I considered all online precognition trials that included word descriptions contributed from September 2000 through June 2003; this amounted to 256, 000 trials containing 841, 000 words. For each trial, I matched the words each user entered against a set of nine concepts capturing the turmoil of 9/11: airplane, falling, explode, fire, attack, terror, disaster, pentagon, and smoke. The idea was to see how closely the words used by each person each day matched these concepts. Counting only exact word matches wouldn't be sufficient because someone might have used a synonym that an exact word-match would overlook. So I developed an automated concept-matching technique to form an average score indicating how closely the words used on a daily basis contained terrorismrelated concepts.

At first glance, these scores appeared to fluctuate randomly from one day to the next. On closer inspection, however, I found something rather unusual. Rather than increase in value, as might be predicted if lots of people were suddenly having premonitions of disaster, a few days before 9/11 the scores dropped to their lowest point in the three years of data examined.

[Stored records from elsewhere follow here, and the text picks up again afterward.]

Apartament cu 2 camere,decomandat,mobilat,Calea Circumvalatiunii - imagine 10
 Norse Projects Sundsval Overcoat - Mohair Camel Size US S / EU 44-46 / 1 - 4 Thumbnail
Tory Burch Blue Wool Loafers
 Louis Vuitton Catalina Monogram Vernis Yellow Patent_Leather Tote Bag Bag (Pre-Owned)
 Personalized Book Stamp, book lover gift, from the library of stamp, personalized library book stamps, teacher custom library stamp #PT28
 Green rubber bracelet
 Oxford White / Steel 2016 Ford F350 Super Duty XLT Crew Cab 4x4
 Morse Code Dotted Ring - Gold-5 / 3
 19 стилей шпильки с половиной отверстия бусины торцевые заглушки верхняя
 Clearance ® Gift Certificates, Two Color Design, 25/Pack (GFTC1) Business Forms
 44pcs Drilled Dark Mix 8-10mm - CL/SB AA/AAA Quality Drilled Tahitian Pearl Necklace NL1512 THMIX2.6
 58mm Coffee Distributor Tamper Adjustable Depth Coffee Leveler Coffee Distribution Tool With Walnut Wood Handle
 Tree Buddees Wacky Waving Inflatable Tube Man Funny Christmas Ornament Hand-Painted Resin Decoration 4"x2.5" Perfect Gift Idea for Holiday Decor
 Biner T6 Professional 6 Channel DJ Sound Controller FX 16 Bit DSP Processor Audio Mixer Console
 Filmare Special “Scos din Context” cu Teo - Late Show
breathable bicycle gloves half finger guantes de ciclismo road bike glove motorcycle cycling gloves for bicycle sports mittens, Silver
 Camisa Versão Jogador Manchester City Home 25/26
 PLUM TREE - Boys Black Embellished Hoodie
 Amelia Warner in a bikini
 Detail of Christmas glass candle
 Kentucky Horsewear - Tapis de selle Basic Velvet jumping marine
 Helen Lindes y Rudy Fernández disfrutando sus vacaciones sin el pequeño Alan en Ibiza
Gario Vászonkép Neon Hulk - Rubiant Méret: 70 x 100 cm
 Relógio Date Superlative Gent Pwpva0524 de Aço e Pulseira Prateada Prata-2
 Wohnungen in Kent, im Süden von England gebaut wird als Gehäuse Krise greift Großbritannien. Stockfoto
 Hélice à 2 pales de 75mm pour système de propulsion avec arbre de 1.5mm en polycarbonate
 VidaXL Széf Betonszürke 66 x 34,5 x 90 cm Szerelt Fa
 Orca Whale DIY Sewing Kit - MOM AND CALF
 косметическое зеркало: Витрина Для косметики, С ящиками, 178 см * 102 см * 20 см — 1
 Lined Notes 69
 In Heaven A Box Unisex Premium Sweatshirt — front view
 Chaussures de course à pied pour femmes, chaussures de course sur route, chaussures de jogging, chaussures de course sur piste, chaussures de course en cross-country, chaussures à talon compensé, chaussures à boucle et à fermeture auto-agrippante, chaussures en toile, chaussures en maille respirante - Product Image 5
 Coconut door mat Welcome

To see how meaningful this was, I compared the observed drop against similar values based on randomly scrambled datasets. I found that the joint odds against chance of obtaining a "terrorism concept" score as low as the observed minimum, and falling as close or closer to 9/11 as observed, was 3, 300 to 1. This means people were significantly avoiding concepts associated with terrorism just prior to the catastrophe.

As it turns out, I found a virtually identical result in a different gotpsi.org game (an ESP card-guessing game). Collective drops in psi performance in the days before 9/11 suggest that many people unconsciously began to sense trouble brewing, but there was no context for those feelings so they were actively repressed. Only the rare individual can avoid personally identifying with negative thoughts, and fewer still are willing to publicly admit that they're having such thoughts. You can't ask people to report premonitions that they've repressed, but interesting patterns do come into focus when daily collective psi performance is analyzed.

I believe that interest in social parapsychology will undoubtedly continue to grow as we find new ways of using the Internet and the media to study the nature and possible applications of collective psi.